Take note that in my script above I do not get a context or set the rounding to ROUND_HALF_UP. Here is me importing the script in my REPL and instantiating:

>>> import script
>>> BA = script.Account('Winston','Smith')
>>> BA.balance
>>> BA.deposit(0.505)
>>> BA.balance

Here my script is rounding half up even without specifying .getcontext(). So my script is rounding up when I am expecting it to round down (Python’s default).

Here are my questions for all of you:

First of all, why is my script working when it shouldn’t be?

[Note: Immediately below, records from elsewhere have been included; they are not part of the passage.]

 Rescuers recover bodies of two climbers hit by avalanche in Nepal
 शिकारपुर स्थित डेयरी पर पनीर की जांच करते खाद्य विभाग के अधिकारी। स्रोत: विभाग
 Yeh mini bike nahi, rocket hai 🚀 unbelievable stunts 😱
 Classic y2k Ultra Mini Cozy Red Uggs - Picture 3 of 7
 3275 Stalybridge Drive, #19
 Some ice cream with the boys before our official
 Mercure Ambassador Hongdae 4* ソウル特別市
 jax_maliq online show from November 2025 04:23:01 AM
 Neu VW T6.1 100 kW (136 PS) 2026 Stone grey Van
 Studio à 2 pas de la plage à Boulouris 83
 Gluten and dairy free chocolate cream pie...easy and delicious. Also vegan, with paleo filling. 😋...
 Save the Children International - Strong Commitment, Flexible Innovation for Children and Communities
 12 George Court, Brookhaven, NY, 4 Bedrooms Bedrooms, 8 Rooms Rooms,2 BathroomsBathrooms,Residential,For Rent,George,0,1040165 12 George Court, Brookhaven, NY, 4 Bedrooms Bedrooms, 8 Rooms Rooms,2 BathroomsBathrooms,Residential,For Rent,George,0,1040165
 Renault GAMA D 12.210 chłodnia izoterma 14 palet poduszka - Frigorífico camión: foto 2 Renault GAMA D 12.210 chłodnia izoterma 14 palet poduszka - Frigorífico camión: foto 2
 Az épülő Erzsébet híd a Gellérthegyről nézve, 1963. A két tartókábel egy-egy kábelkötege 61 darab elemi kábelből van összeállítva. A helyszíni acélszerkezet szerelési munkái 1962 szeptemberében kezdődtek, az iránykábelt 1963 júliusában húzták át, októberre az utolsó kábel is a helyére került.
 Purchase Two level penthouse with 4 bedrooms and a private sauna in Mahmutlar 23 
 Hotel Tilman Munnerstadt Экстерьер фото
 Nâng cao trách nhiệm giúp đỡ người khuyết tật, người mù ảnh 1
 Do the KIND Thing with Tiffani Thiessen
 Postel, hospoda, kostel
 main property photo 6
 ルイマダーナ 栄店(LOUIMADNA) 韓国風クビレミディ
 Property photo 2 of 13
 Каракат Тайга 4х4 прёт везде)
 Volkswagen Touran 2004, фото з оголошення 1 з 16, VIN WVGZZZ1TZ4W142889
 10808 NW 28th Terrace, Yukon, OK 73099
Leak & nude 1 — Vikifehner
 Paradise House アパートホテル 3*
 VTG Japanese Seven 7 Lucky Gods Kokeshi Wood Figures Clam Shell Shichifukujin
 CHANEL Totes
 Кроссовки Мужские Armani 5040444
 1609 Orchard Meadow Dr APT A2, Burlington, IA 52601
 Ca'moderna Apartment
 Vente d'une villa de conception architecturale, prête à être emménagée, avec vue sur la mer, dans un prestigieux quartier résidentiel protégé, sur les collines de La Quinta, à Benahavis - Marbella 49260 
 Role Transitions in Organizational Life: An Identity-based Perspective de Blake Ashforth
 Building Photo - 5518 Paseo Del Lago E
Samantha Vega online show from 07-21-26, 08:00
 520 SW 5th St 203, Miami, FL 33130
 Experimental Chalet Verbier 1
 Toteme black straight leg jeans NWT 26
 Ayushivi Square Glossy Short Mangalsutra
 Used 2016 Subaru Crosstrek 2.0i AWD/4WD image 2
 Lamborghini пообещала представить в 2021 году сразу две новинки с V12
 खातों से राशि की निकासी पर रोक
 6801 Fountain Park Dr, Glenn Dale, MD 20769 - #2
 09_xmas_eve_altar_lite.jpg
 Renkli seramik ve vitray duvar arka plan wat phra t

Secondly, for these two lines:

ctx = decimal.getcontext()
ctx.rounding = decimal.ROUND_HALF_UP
  • …the ctx variable is an instantiation of the .getcontext() function or class method located somewhere inside the decimal package as described in the official docs. Where in this understanding am I correct or incorrect?
  • In the next line, ctx.rounding is declared based on the decimal package’s setting to ROUND_HALF_UP (among a few the other options as covered in the official Python docs). Is this correct? [/list]

My third (and perhaps my most important) question is: How and why does the above ctx instantiation have any bearing on the subsequent lines in the REPL (if any)?:

>>> x = Decimal('2.3456')
>>> x
>>> round(x,2)

My final question is, where in my OOP script should I place / invoke the .getcontext() method from the decimal package? Inside the scope of the Account class or outside? Or would it be better suited beneath a dunder main declaration at the bottom of the script?

I guess overall here I am just struggling to grasp how, when, or where .getcontext() is used or if it is even necessary at all. Could you Pythonistas kindly clarify?

In most of your tests you hand in a string. But for the .505 one, you hand in a float. That float is not exactly .505 but slightly bigger. So the rounding goes up in all contexts.

The problem with round is explained in an official document.

As @BowlOfRed pointed out, you should use a string or a tuple to construct a Decimal.

>>> import decimal
>>> from decimal import Decimal
>>> ctx=decimal.getcontext()
>>> ctx.rounding
>>> Decimal(0.505)
>>> round(Decimal(0.505), 2)
>>> round(Decimal('0.505'), 2)

If ndigits of round is greater than 1, it may not function as even rounding. In that case, numpy is one of the options that always returns an evenly rounded value.